Saturday, November 5, 2011

Reason for Denying Difference Number Three: The Virtuous Ones

Devoutly religious people, as well as other morally upstanding folk, are often among those who insist most adamantly that women's feelings and attitudes about sex are much the same as men's. The reason is simply that the myth of sameness makes it easy to appear, and even feel, virtuous.

The man who believes that the world is full of women who want to have no-strings-attached sex with him can appear virtuous for resisting this temptation.
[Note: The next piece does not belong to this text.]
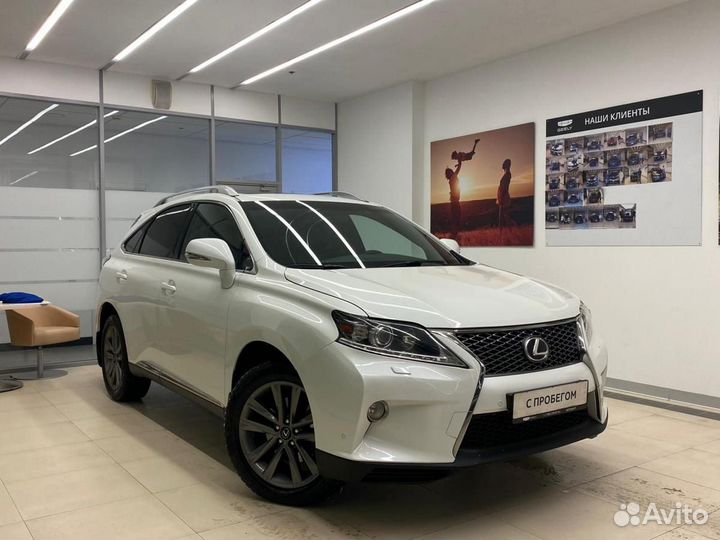 Lexus RX 3.5 AT, 2013, 119 000 км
It's easy since this temptation never actually exists.

This "virtuous" man's wife can pretend that her husband's resistance to sexual temptation reveals the strength of his love and devotion to her, when neither has actually been tested.
 
The woman who manages to convince herself that her sexual desires are much like a man's can congratulate herself for the moral willpower required to suppress these urges, when in fact she has never experienced anything remotely like male lust.

The wife who cheats on her husband can make the wrong appear less serious if she tells herself that it was only lust. The truth is she has acted as she has for different and far more important reasons. 

These and similar delusions depend on the myth that women's and men's feelings about sex are the same. The moment we admit that women's and men's desires are quite different, this illusion of sexual virtue falls apart, and being good suddenly become much, much more difficult.